Accommodation
 

     According to Crystal Accommodation is:  “Adjustments that people make unconsciously to their speech, influenced by the speech of those they are talking to”(448).  Crystal also notes that when people of different regional or social backgrounds meet, their speech tends to converge if they like each other. He mentions that this is noticeable in accents (298).
     Crystal seems to think “some people cannot stop themselves from picking up the accent of the person they are talking to” (298).  There are several studies that prove when we encounter other people whom we do not like we maintain our accent and our language tends to diverge and vice versa for people we do like.  Crystal also states “…we unconsciously associate regional variation with psychological and social traits” (298).  In fact, Crystal says, that it is now well established that immigrant children who are a minority in a school classroom risk being rated as less intelligent or poorer learners (298).
      An example, my brother Jason went to Job Corp in Kittrell.  He returned home about three months later and his accent had changed.  He was around all types of people with different regional and/or social backgrounds.  To us he sounded different but he couldn’t tell that his accent had changed.  He had sort of a northern accent instead of a southern accent.

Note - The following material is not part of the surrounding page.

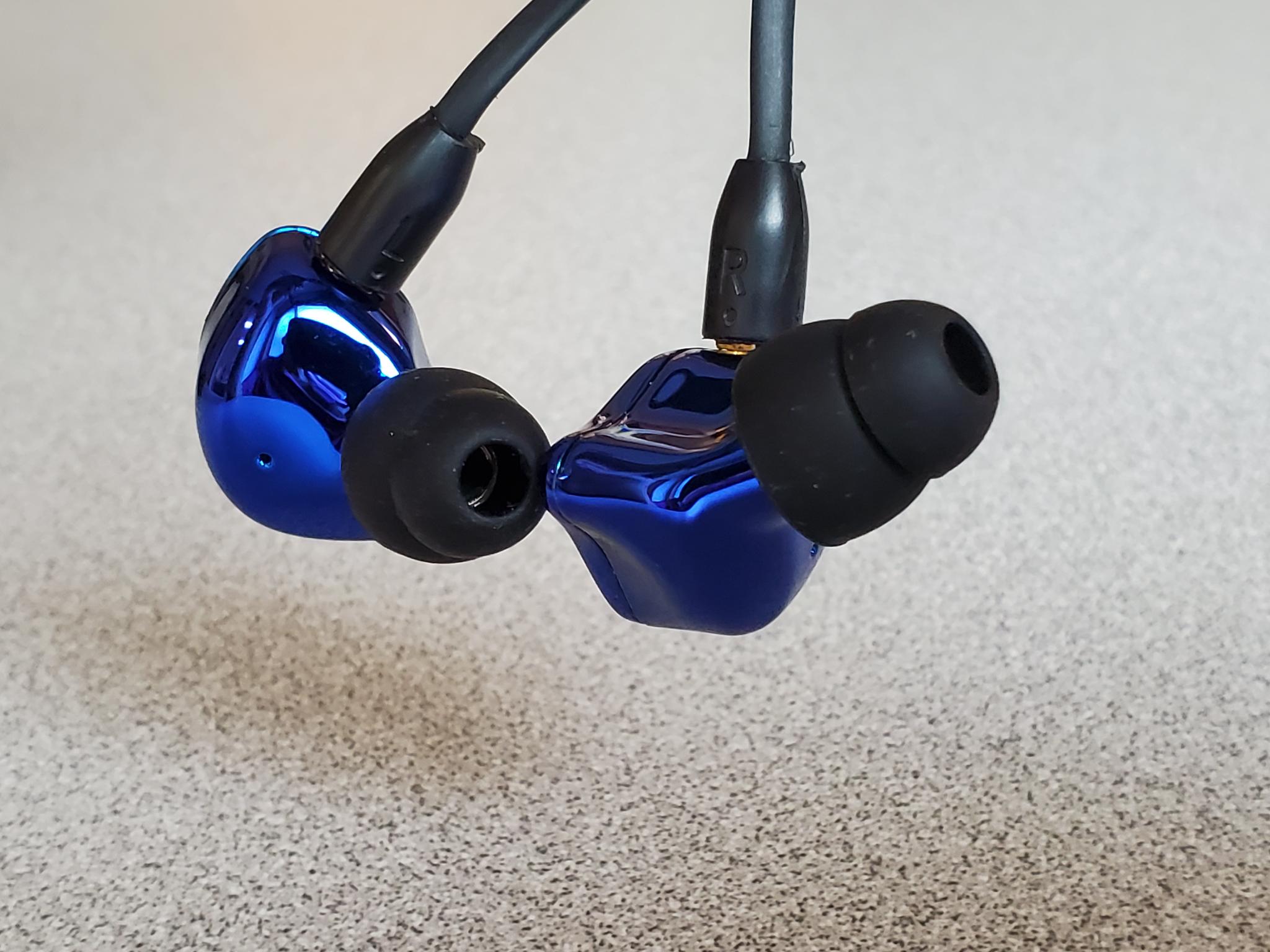 FCS-H3 Triple Driver Hybrid In-Ear Monitor w/ Waterproof Hard-shell Case $149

    Another example is I worked at a convenient store and the lady talked more proper and educated than me.  The next thing I knew I was using some of the same phrases as her, and also I borrowed some of her words.  David Crystal seems to be saying that if you like a person you might pick up some of their accent but if you do not like the person you become aware of their language and start to ridicule them (298).
      There was one statement I found interesting and it was “…when people encounter others with whom they wish to maintain a distance, their language tends to become less alike or diverge.”  Just like Mari Westforth pointed out saying in her presentation: “We rate children or adults as being less intelligent or poorer learners because of their accents being “unlike” ours.”  Any accent or dialect deserves as much respect as our own accent or dialect.

BIBLIOGRAPHY
     Crystal, David. The Cambridge Encyclopedia of The English Language.  Cambridge: Cambridge University Press, 1995.